The building was designed in the neoclassical style, built in yellow brick and was completed in 1855. The design involved a rectangular building with a tall main frontage facing onto Melbourn Street. It featured a segmental-headed doorway, with a hood mould and a keystone, on the ground floor and a round headed window, with an ashlar stone surround and a keystone, on the first floor. The keystone above the first-floor window bore a carved head intended to depict Hardwicke's face. The doorway and window were flanked by pairs of full-height pilasters supporting an open modillioned pediment with a date stone in the tympanum. Internally, the principal rooms were the lower hall (later known as the Heritage Hall) and the upper hall (later known as the Hardwicke Hall).

Following the implementation of the Technical Instruction Act 1889, which required local authorities to promote and fund adult education, many mechanics' institutes were acquired by the local authorities to meet the new legal requirements. The newly formed Royston Urban District Council held its first meeting in the building on 1 October 1897, purchased the building for £600 in 1900, and subsequently renamed it Royston Town Hall.

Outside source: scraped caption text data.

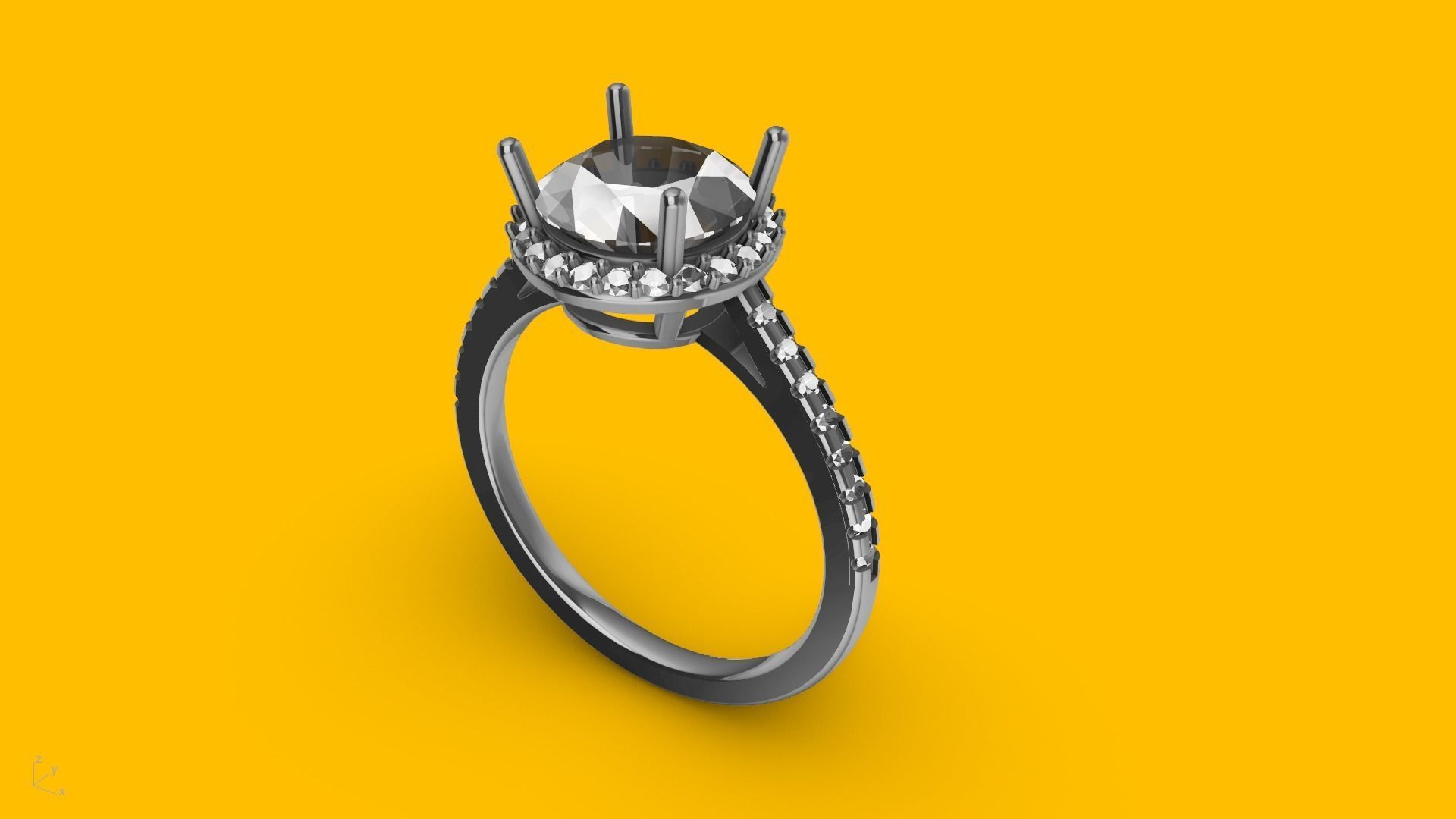 Designer engagement ring stl verified  3D print model_2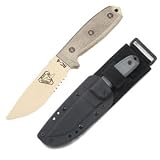 RAT Cutlery RC-4, Linen Micarta Handle, Serr., w/MOLLE Back Sheath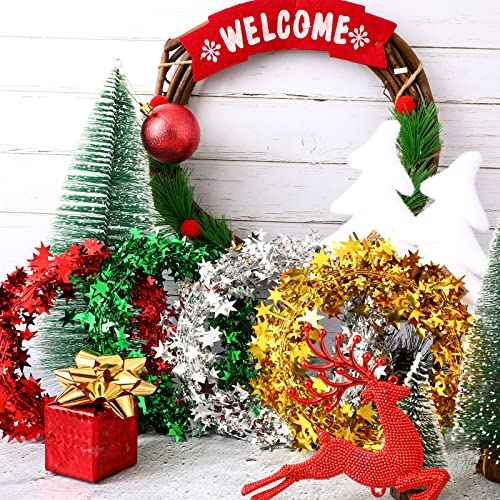 Boao 4 Rolls Christmas Star Wired Garland Xmas Metallic Glitter Star Tinsel Silver Golden Green Red Tinsel Garlands Christmas Tree Party Decorations, 98.4ft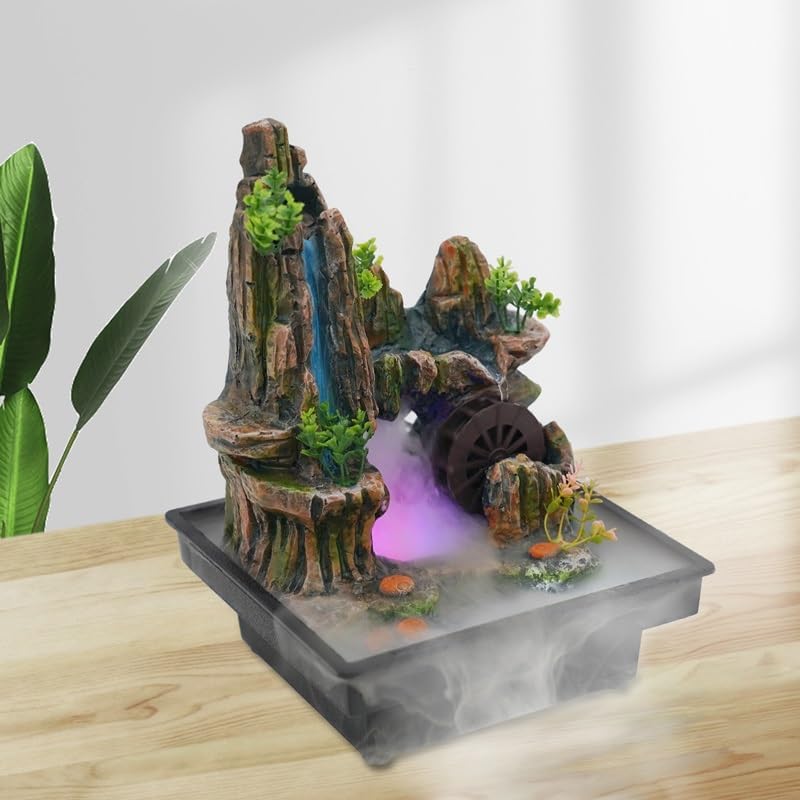 Indoor Rockery Fountain with Goldfish and Waterfall Decor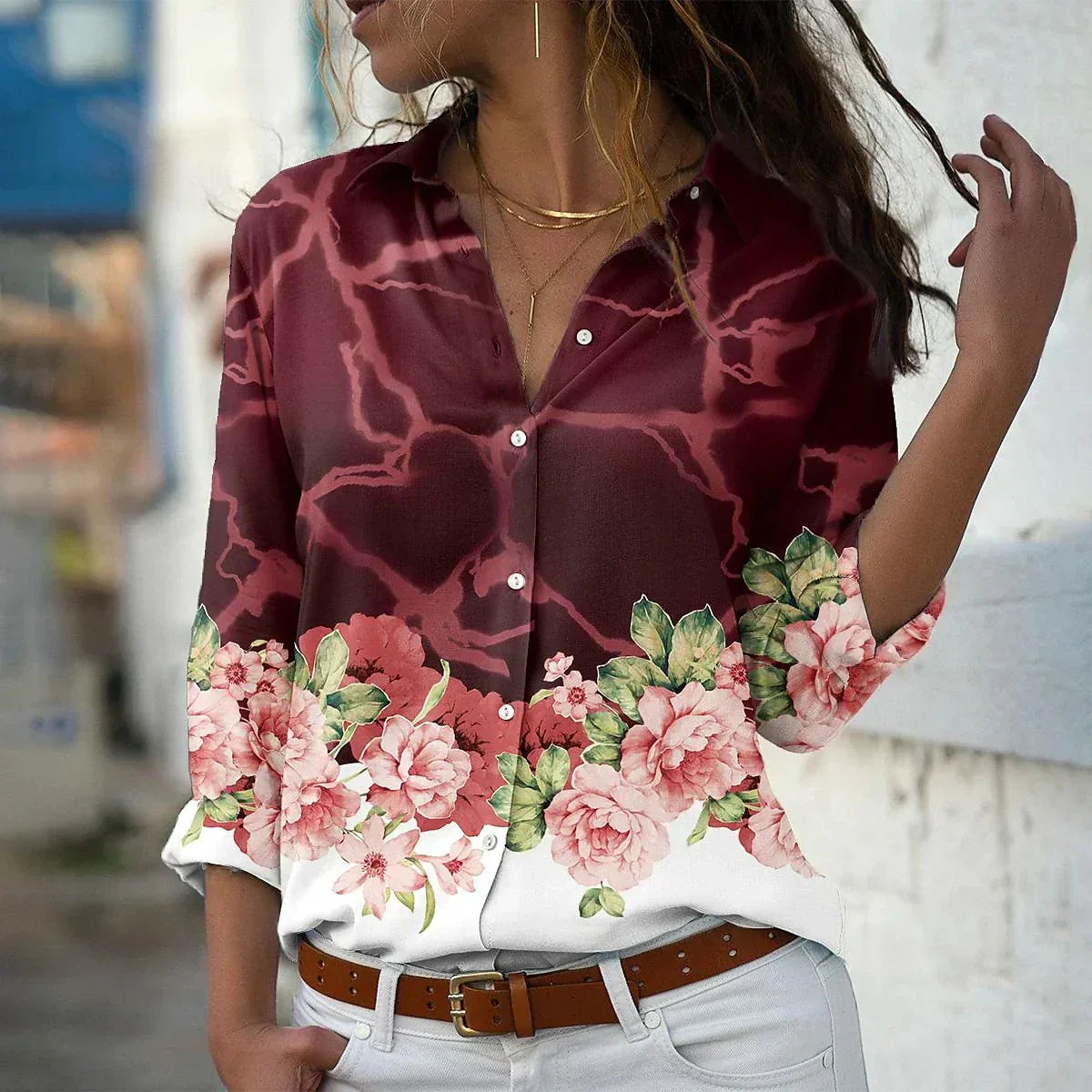 Van Elst Mode® |MODIEUS BEDRUKTE BLOUSE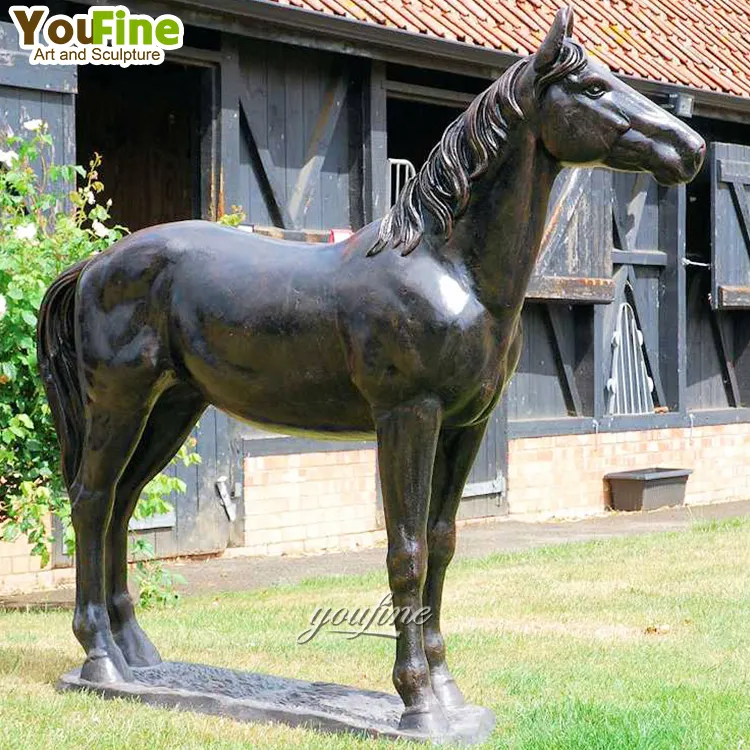 Figura de bronce de jardín al aire libre de tamaño real tomar escultura de caballo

The building was also used for public meetings: in March 1910, the writer, Redcliffe N. Salaman, spoke in the hall during his unsuccessful attempt to secure a seat as a Liberal Party candidate for Hertfordshire County Council. He went on to write the landmark book, The History and Social Influence of the Potato, which established the history of nutrients as a new literary genre.

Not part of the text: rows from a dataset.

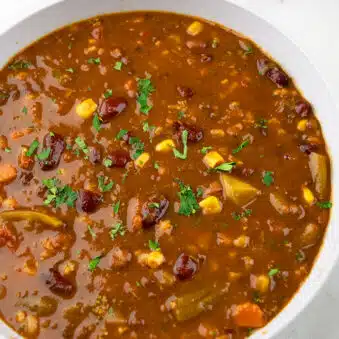 Easy Instant Pot Turkey Chili in Gray Bowl on White Background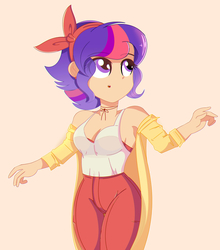 Size: 2963x3374 | Tagged: safe, artist:pastelhorses, twilight sparkle, human, g4, alternate hairstyle, armpits, breasts, clothes, female, high res, humanized, pants, simple background, solo, tank top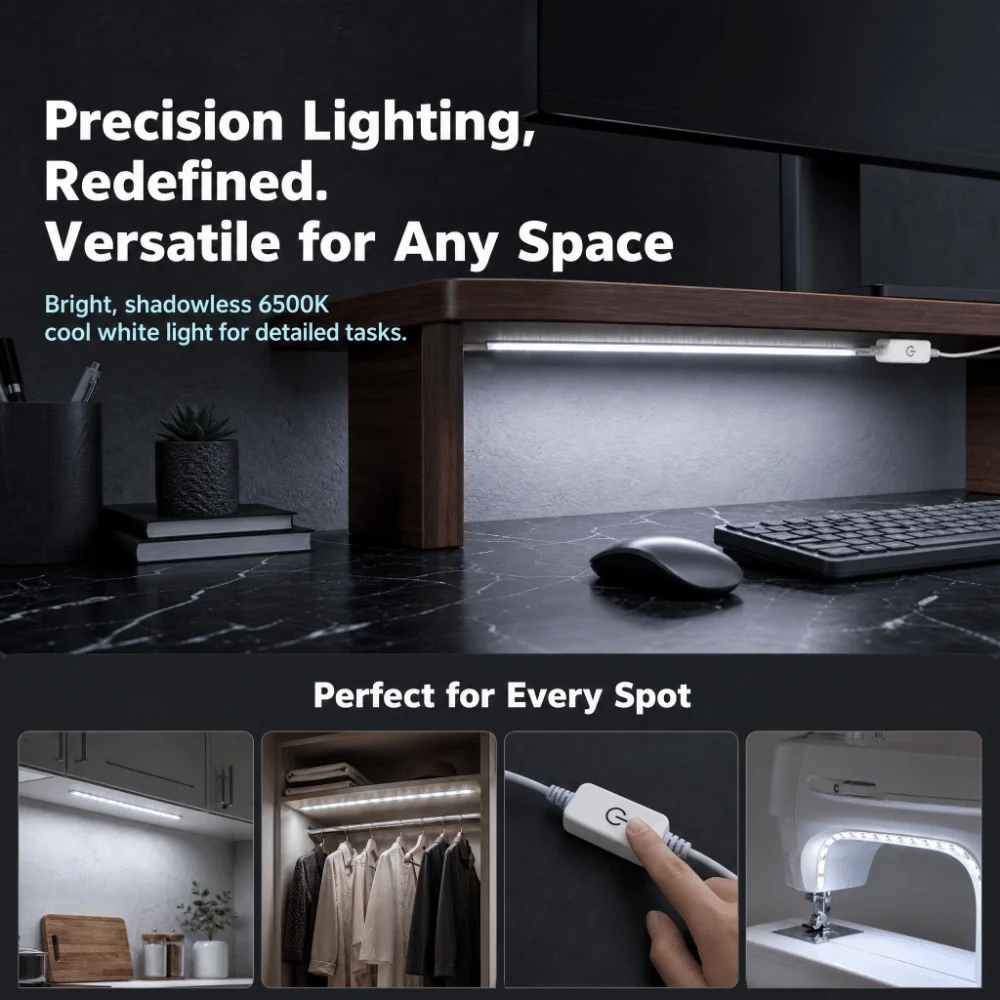 5V Sewing Machine Light 30cm (11.81inch) 6500K Cold White Sewing Light Adhesive Backing USB Powered LED Light Strip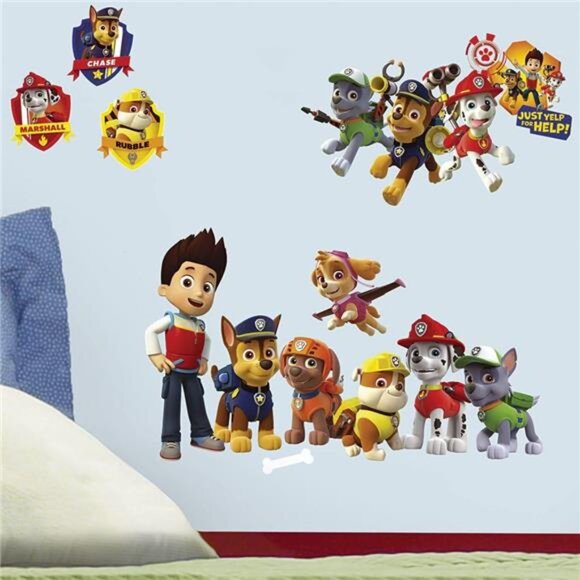 Paw Patrol Wall Decals Peel and Stick Removable Repositionable Kids Room Decor - Picture 1 of 4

The building continued to serve as the headquarters of the urban district council for much of the 20th century but ceased to be the local seat of government when North Hertfordshire District Council was formed at Letchworth in 1974. Royston Town Council, which was created as a successor parish council to the former urban district council, established its offices and meeting place in the building.

A major programme of refurbishment works, which involved the creation of a community cinema, to be known as the "Royston Picture Palace", was completed in 2013. After the managers of the cinema, Saffron Screen, handed back the contract in May 2023, there was local concern that the cinema would close. However, the town council subsequently confirmed that films would continue to be shown for the time being.